1. Semantic Similarity and Relatedness:
- Finding synonyms and related words.
- Measuring the semantic distance between words or documents.
- Example: Building a search engine that understands the meaning of queries.

2. Analogy Tasks:
- Solving analogy problems like "king - man + woman = queen".
- Example: Building a question-answering system that can reason about relationships between words.

3. Feature Engineering for NLP Models:
- Using pre-trained embeddings as input features for deep learning models.
- Example: Improving the performance of sentiment analysis, text classification, or machine translation models.

4. Information Retrieval:
- Finding documents that are semantically similar to a query.
- Example: Building a document retrieval system that understands the meaning of documents.

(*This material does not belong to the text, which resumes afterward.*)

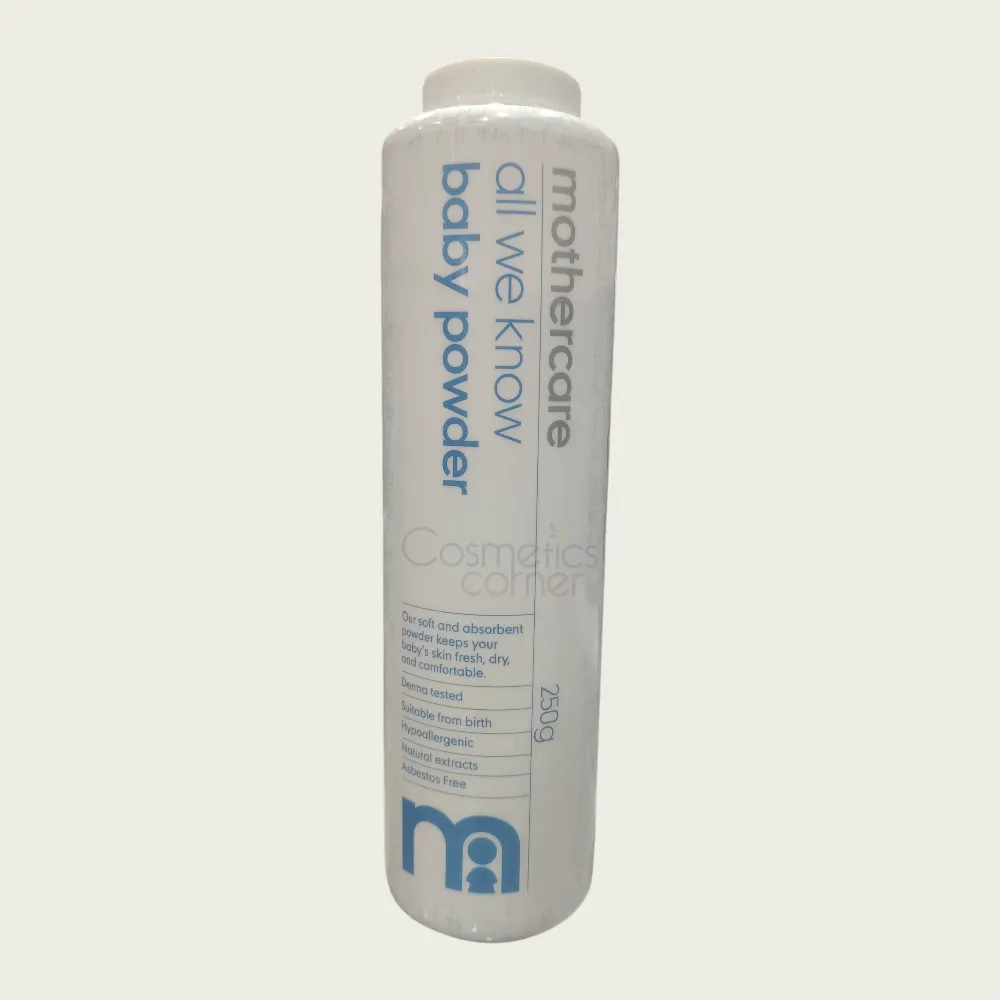 Mothercare Baby Powder 250g Mothercare Baby Powder 250g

5. Word Sense Disambiguation:
- Identifying the correct meaning of a word in a given context.
- Example: Building a system that can understand the different meanings of polysemous words.

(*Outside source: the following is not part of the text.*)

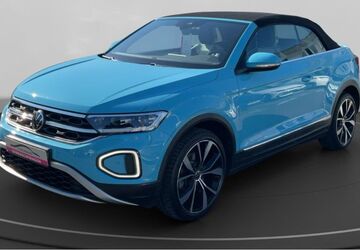 VW T-Roc 36.450 km 23.980 &euro; Köln-Mülheim 51063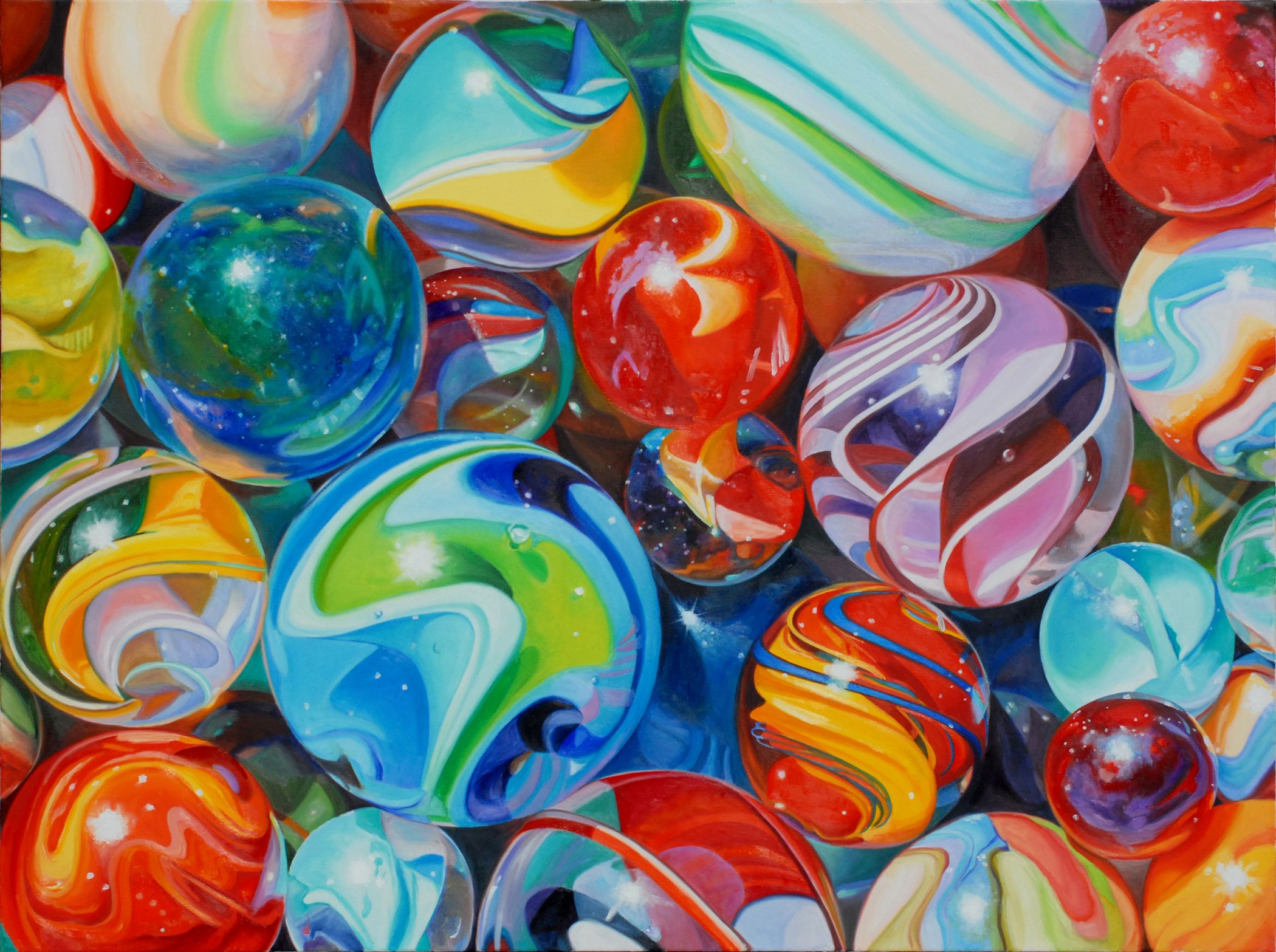 Marble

6. Recommendation Systems:
- Recommending items based on their semantic similarity.
- Example: Building a movie recommendation system that suggests movies similar to those a user has watched.

7. Text Summarization:
- Identifying the most important sentences or phrases in a document.
- Example: Building a system that can generate concise summaries of long documents.

8. Machine Translation:
- Representing words in different languages in a shared embedding space.
- Example: Building a system that can translate text from one language to another while preserving meaning.

Key Differences (Word2Vec vs. GloVe):

Word2Vec:
- Predicts context words given a target word (or vice versa).
- Captures local context information.
- Better for capturing semantic relationships between words that appear in similar contexts.

GloVe:
- Leverages global word co-occurrence statistics.
- Captures global relationships between words.
- Better for capturing overall word similarity and relatedness.